When you reach the line containing "With a stiletto" in the entries below, please begin setting down lines exactly, stop only after the last one, and add nothing else.

BEGIN

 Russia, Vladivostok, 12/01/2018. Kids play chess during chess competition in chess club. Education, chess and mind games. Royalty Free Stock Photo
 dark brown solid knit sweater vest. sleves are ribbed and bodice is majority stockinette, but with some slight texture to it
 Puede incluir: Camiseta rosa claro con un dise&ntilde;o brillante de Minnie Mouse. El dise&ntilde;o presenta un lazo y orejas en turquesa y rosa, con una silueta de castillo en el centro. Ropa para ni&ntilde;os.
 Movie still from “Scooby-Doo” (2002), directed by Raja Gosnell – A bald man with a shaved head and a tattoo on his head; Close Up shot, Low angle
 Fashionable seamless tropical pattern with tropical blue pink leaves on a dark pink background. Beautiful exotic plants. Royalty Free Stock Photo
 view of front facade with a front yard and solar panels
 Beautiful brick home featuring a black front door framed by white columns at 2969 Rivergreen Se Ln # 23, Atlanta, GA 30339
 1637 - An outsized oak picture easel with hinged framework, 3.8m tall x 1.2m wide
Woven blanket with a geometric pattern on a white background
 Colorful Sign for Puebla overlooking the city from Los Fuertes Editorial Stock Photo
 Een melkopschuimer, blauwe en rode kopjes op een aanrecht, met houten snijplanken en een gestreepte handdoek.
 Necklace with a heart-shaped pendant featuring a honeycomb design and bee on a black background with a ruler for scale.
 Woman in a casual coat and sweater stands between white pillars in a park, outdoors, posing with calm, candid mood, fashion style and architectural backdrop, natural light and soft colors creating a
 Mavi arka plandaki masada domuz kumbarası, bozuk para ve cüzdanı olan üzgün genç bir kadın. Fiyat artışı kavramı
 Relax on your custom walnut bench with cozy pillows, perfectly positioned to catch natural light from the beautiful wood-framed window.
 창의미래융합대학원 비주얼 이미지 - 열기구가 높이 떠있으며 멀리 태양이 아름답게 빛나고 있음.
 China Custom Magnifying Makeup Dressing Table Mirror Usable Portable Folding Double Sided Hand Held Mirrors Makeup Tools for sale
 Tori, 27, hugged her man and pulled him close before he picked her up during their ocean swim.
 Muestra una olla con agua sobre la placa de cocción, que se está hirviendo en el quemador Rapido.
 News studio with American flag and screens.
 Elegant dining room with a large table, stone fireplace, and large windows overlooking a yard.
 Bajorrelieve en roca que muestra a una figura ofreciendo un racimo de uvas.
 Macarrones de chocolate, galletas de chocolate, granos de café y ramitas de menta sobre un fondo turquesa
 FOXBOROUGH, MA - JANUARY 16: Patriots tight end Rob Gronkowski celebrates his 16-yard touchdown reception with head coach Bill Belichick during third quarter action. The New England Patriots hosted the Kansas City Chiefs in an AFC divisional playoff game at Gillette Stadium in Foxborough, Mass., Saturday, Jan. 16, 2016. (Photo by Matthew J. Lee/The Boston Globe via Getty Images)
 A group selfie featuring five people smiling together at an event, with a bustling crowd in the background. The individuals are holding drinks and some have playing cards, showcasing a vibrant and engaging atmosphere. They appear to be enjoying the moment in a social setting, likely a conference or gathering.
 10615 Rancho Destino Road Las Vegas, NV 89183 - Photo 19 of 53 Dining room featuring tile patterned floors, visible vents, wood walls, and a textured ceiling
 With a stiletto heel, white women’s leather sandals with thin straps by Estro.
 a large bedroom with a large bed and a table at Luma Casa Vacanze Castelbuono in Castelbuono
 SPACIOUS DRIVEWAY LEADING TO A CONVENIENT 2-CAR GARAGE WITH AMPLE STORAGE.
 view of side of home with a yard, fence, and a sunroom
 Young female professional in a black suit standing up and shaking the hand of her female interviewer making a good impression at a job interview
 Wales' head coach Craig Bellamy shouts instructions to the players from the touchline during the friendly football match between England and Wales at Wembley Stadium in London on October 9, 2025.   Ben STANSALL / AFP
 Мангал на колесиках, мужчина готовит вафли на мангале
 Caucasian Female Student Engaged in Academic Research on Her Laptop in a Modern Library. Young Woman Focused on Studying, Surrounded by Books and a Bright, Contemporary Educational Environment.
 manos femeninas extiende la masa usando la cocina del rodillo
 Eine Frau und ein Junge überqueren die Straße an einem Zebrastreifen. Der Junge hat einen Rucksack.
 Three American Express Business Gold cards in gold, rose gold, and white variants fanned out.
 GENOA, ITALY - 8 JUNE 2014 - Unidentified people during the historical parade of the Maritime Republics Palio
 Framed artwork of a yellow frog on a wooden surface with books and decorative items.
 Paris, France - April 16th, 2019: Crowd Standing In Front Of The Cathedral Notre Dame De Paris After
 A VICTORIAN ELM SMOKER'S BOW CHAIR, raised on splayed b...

END

Response area:
 With a stiletto heel, white women’s leather sandals with thin straps by Estro.
 a large bedroom with a large bed and a table at Luma Casa Vacanze Castelbuono in Castelbuono
 SPACIOUS DRIVEWAY LEADING TO A CONVENIENT 2-CAR GARAGE WITH AMPLE STORAGE.
 view of side of home with a yard, fence, and a sunroom
 Young female professional in a black suit standing up and shaking the hand of her female interviewer making a good impression at a job interview
 Wales' head coach Craig Bellamy shouts instructions to the players from the touchline during the friendly football match between England and Wales at Wembley Stadium in London on October 9, 2025.   Ben STANSALL / AFP
 Мангал на колесиках, мужчина готовит вафли на мангале
 Caucasian Female Student Engaged in Academic Research on Her Laptop in a Modern Library. Young Woman Focused on Studying, Surrounded by Books and a Bright, Contemporary Educational Environment.
 manos femeninas extiende la masa usando la cocina del rodillo
 Eine Frau und ein Junge überqueren die Straße an einem Zebrastreifen. Der Junge hat einen Rucksack.
 Three American Express Business Gold cards in gold, rose gold, and white variants fanned out.
 GENOA, ITALY - 8 JUNE 2014 - Unidentified people during the historical parade of the Maritime Republics Palio
 Framed artwork of a yellow frog on a wooden surface with books and decorative items.
 Paris, France - April 16th, 2019: Crowd Standing In Front Of The Cathedral Notre Dame De Paris After
 A VICTORIAN ELM SMOKER'S BOW CHAIR, raised on splayed b...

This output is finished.